Monday, December 23, 2024

Minecraft Speedrun Dream posts full response to cheating claims

Earlier this month, a Youtuber named GeoSquare posted a video claiming that Minecraft Youtuber Dream’s 1.16 speedrun record had been achieved by cheating, and hence his record should be discarded. 

Soon after GeoSquare’s 14-min long video titled “Did Dream Fake His Speedruns – Official Moderator Analysis” went live, it went viral and within 2 weeks the video had more than 2.6 million views. In the description of the video, GeoSquare stated that “this video is NOT my content. Please please DO NOT interact with my channel after watching this, this is just a PSA from the mod team.”

GeoSquare is also a moderator of speedrun records and after posting his video, the forum went wild and accused Dream of faking his speedrun to garner more views and fame. Following which a drama unfolded on Twitter where Dream hit back at GeoSquare, calling the accusations “total BS” and labeling the video clickbait and GeoSquare using his position to tarnish Dream’s name. 

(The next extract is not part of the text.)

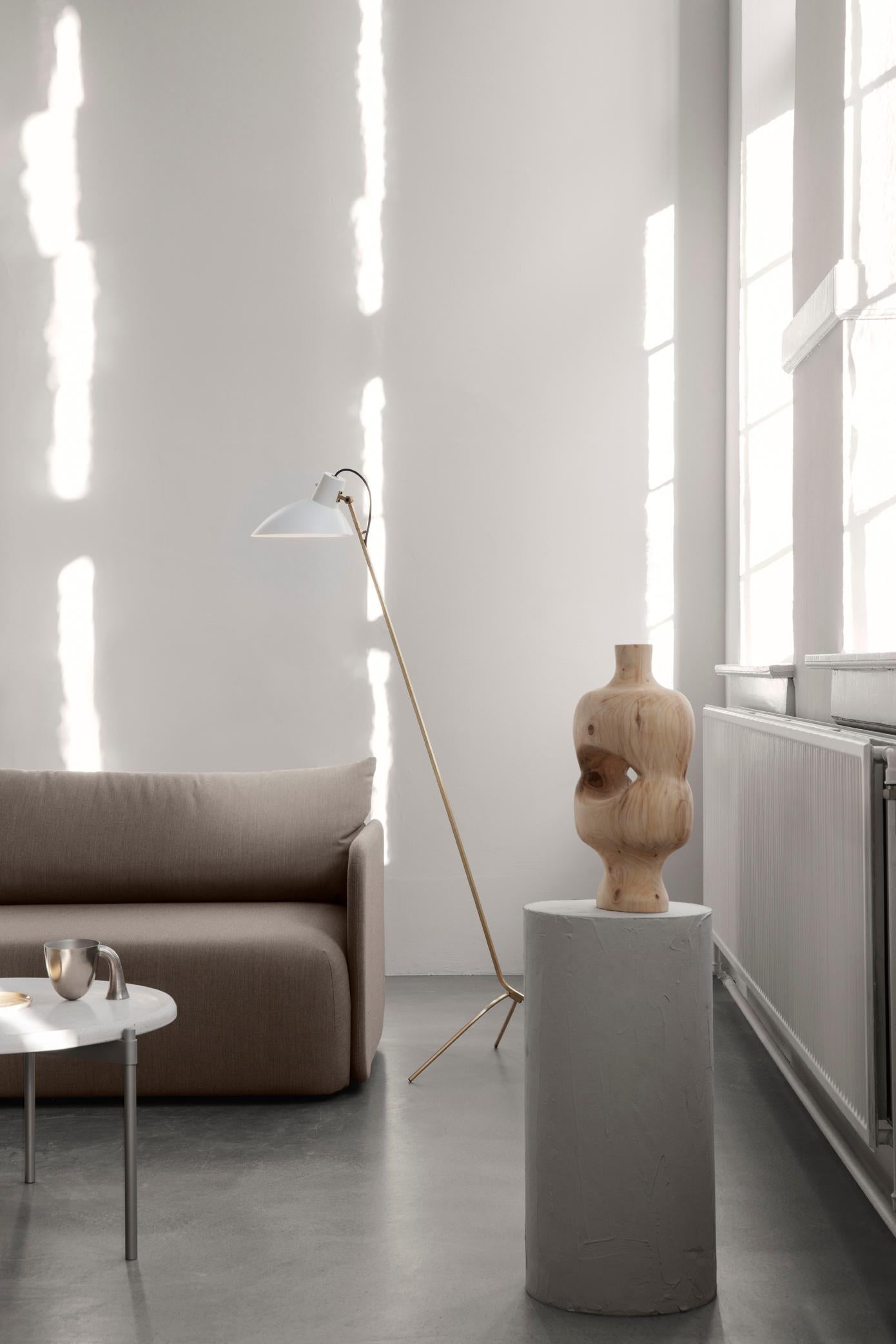Italian VV Cinquanta White and Brass Floor Lamp Designed by Vittoriano Viganò for Astep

Following the drama, Dream promised a full response with adequate proofs to back up his claims. Yesterday he followed through that promise and posted a 24-min long rebuttal video, where he provided a full analysis of the “luck”, he went as far as hiring an astrophysicist statistical expert to disprove the claims of his “luck” being possible only through “cheats”.

The video is divided into 4 sections: Professional statistical analysis, public access files, corrections to false information, and new information. TLDR of the video is that there is no statistically significant evidence that Dream was modifying the probabilities and his odds were “consistent with the random chance.”

Finally concluding his video, Dream said:

“I don’t care at all about my speedrun, I care more about defending my character than defending a dumb leaderboard position. I have an amazing community and an amazing group of fans, and I don’t need to officially speedrun. I do it because I like it. I get fewer views on my record videos than I do on my normal videos.”

In less than 24 hours, Dream’s response video had close to 1 million views and started trending on Youtube’s gaming section. GeoSquare and other moderators of speedrun records haven’t responded to Dream’s video yet.